5.1. Scalability and Complexity Analysis

To assess the real-world applicability of D-Know, we analyze both its theoretical complexity (Big O) and empirical scalability in terms of storage and runtime.
Storage Scalability. A critical requirement for continual learning systems is the ability to learn new tasks without excessive memory growth. As detailed in Table 5, let P base be the parameter count of the frozen backbone (174.84 M) and P Θ be the size of the specialized components for one domain. In our framework, P Θ amounts to approximately 4.52 M. In a standard fine-tuning setting, preventing forgetting often necessitates storing independent models for each domain, resulting in a space complexity of O ( N · P base ) . In contrast, D-Know creates a new set of lightweight parameters only when a new domain is encountered. The total storage complexity is O ( P base + N · P Θ ) . Since P Θ represents only 2.52% of the backbone size, the storage requirement grows at a much slower rate, demonstrating superior scalability for long-term adaptation.
Inference Efficiency. During inference, the computational cost is determined by the domain assignment module and the detector. We measured the inference speed on an NVIDIA RTX 3090 GPU. The original Grounding DINO achieves 9.06 FPS. Our D-Know framework achieves 8.74 FPS, representing a negligible speed drop of only 3.55%. Crucially, the computational cost is constant O ( 1 ) with respect to the number of learned domains N. Regardless of how large the domain knowledge base becomes, the system retrieves and loads only one specific component set Θ d for a given input. Thus, our framework maintains stable, real-time inference speeds regardless of the length of the task sequence.

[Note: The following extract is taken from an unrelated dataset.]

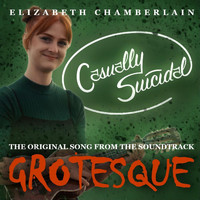 Elizabeth Chamberlain - Casually Suicidal (From "Grotesque") (Explicit)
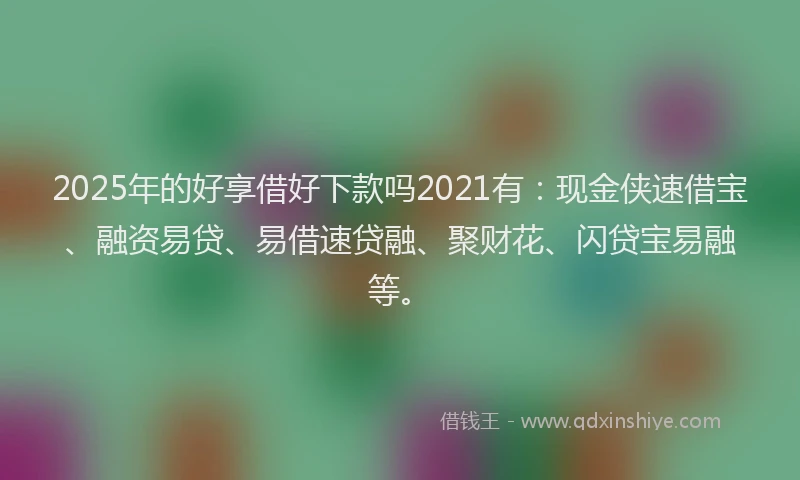 2025年的好享借好下款吗2021有：现金侠速借宝、融资易贷、易借速贷融、聚财花、闪贷宝易融等。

5.2. Limitations and Future Work

Despite the promising results, our framework has certain limitations that open avenues for future research. First, the dynamic domain assignment mechanism relies on a frozen, pre-trained CLIP model. While CLIP offers robust general-purpose features, it may struggle to accurately distinguish domains that are extremely specialized or vastly different from its pre-training data. Future work could explore adaptive or fine-tunable domain routers to address this. Second, our domain-prior learning strategy necessitates a minimal support set. As observed in our few-shot experiments, the self-supervised objectives require more than a single sample to capture meaningful domain statistics. Consequently, in extreme 1-shot scenarios, the advantage of our method is less pronounced. Developing techniques to rapidly infer domain priors from single examples remains a challenging direction for future investigation. Finally, while our method effectively disentangles domain and class knowledge, the domain assignment is currently a hard decision process. A soft assignment or probabilistic routing mechanism could potentially allow for better handling of images that lie on the boundary of multiple domains, further enhancing the model’s flexibility.

6. Conclusions

We introduce Open-Domain Continual Object Detection (OD-COD), a novel learning paradigm designed to enable pretrained vision–language detectors to continuously adapt across multiple specialized domains with significant domain shifts, while preserving their zero-shot generalization ability in broad open-world scenarios. We construct the OD-CODB benchmark comprising datasets spanning six distinct domains with substantial visual style variations, which is both challenging and practical. To address this new challenge, we propose Disentangled Domain Knowledge-Aided Learning (D-Know) framework, which disentangles domain-general and category-specific knowledge. We acquire domain priors through the self-supervised tasks designed in Disentangled Domain Prior Learning, and leverage these priors to facilitate category learning via Domain-Guided Class-Specific Adaptation. These knowledge representations are dynamically managed within a scalable domain knowledge base. Comprehensive experiments on COCO and the OD-CODB benchmark demonstrate the effectiveness and superiority of the proposed framework. While our current approach relies on a frozen pre-trained domain encoder and requires a minimal support set, as discussed in Section 5, we believe it establishes a strong foundation for future research in robust, open-world visual perception.

Author Contributions

Conceptualization, C.Y. and B.H.; methodology, C.Y., B.H. and Y.X.; validation, B.H.; writing—original draft preparation, B.H.; writing—review and editing, C.Y., Y.K., Y.W. and Y.X.; visualization, B.H. and Y.W.; supervision, X.L.; project administration, C.Y. and H.D.; funding acquisition, C.Y. and Y.X. All authors have read and agreed to the published version of the manuscript.

Funding

This work was supported in part by the National Science and Technology Major Project No. 2022ZD0117103, NSFC under Grant 62302384, 62192781, 62137002, and 62172326, Research Project Funded by the State Key Laboratory of Communication Content Cognition under Grant No. A202403, and the Project of China Knowledge Centre for Engineering Science and Technology.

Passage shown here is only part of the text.